Increased osteoclast activity is a key factor for bone loss in rheumatoid arthritis (RA). This suggests that osteoclast-targeted therapies could effectively prevent skeletal damage in RA. Zoledronic acid (ZA) is one of the most potent agents to block osteoclast function. We therefore investigated whether ZA can inhibit inflammatory bone loss. Human tumor necrosis factor transgenic (hTNFtg) mice, which develop severe destructive arthritis as well as osteoporosis, were treated with PBS, single or repeated doses of ZA, calcitonin or anti-tumor necrosis factor at the onset of arthritis. Synovial inflammation was not affected by ZA. In contrast, bone erosion was retarded by single administration (-60%) and almost completely blocked by repeated administration (-95%) of ZA. Cartilage damage was partly inhibited (-40%), and synovial osteoclast counts were significantly reduced upon ZA treatment. Systemic bone mass dramatically increased in hTNFtg mice upon ZA administration, which was due to an increase of trabecular number and connectivity. In addition, bone resorption parameters were significantly lowered after ZA. Calcitonin had no effect on synovial inflammation, bone erosions, cartilage damage or systemic bone mass. Anti-tumor necrosis factor entirely blocked synovial inflammation, bone erosion, synovial osteoclast formation and cartilage damage, but had only minor effects on systemic bone mass. ZA appears as an effective tool to protect bone from arthritic damage. In addition to antiinflammatory drug therapy, modern bisphosphonates are promising candidates to maintain joint integrity and to reverse systemic bone loss in arthritis.

Isolated and combined inhibition of TNF-, IL-1 and RANKL-pathways in TNF-induced arthritis: effects on synovial inflammation, bone erosion and cartilage destruction

To investigate the efficacy of isolated and combined blockade of TNF-, IL-1- and RANKL-pathways on synovial inflammation, bone erosion and cartilage destruction in a TNF-driven arthritis model, human TNF transgenic (hTNFtg) mice were treated with anti-TNF (infliximab), IL-1 receptor antagonist (IL-1Ra) or osteoprotegerin (OPG).
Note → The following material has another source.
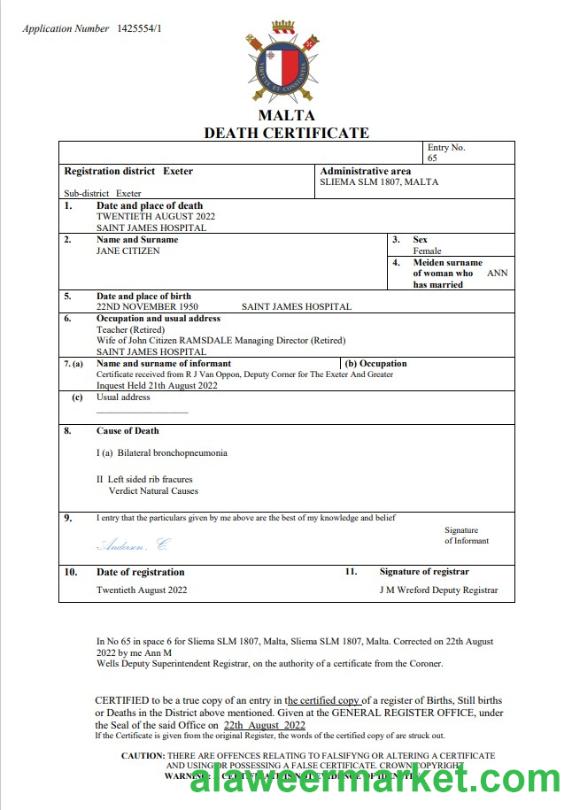Malta death certificate Word and PDF template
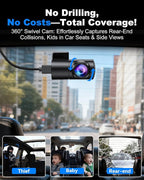 JOMISE 4K Dash Cam Front and Rear with 5Ghz WiFi GPS, Dual Dashcam with 64GB Card, 3" Screen, Night Vision, 24H Parking Mode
In addition, each of three possible double combination therapies and a triple combination therapy was applied. Therapy was followed by histological assessment of synovial inflammation, bone erosion and cartilage damage. Synovial inflammation was inhibited by anti-TNF (-51%), but not IL-1Ra or OPG monotherapy. Combinations of anti-TNF with IL-1Ra (-91%) or OPG (-81%) were additive and almost completely blocked inflammation. Bone erosion was effectively blocked by anti-TNF (-79%) and also by OPG (-60%), but not by IL-1Ra monotherapy. Combination of anti-TNF and IL-1Ra, however, completely blocked bone erosion (-98%). The effects on inhibition of bone erosion were accompanied by reduction of osteoclast numbers within synovial tissue. Cartilage destruction was inhibited by anti-TNF (-43%), weakly, but not significantly by IL-1Ra, and not at all by OPG monotherapy. Combination of anti-TNF with IL-1Ra was the most effective double combination therapy in preventing cartilage destruction (-80%). In all analyses, a triple combination of anti-TNF, IL-1Ra and OPG was not superior to double combination therapy with anti-TNF and IL-1Ra. Articular changes caused by chronic TNF overexpression are not completely blockable by monotherapies, which target TNF, IL-1 or RANKL. However, combined approaches that reduce TNF load and block IL-1 or RANKL as downstream mediators of TNF can lead to a complete remission. Differences in their efficacy to block synovial inflammation, bone erosion and cartilage destruction further strengthen the rationale for combined blockade of more than one proinflammatory pathway.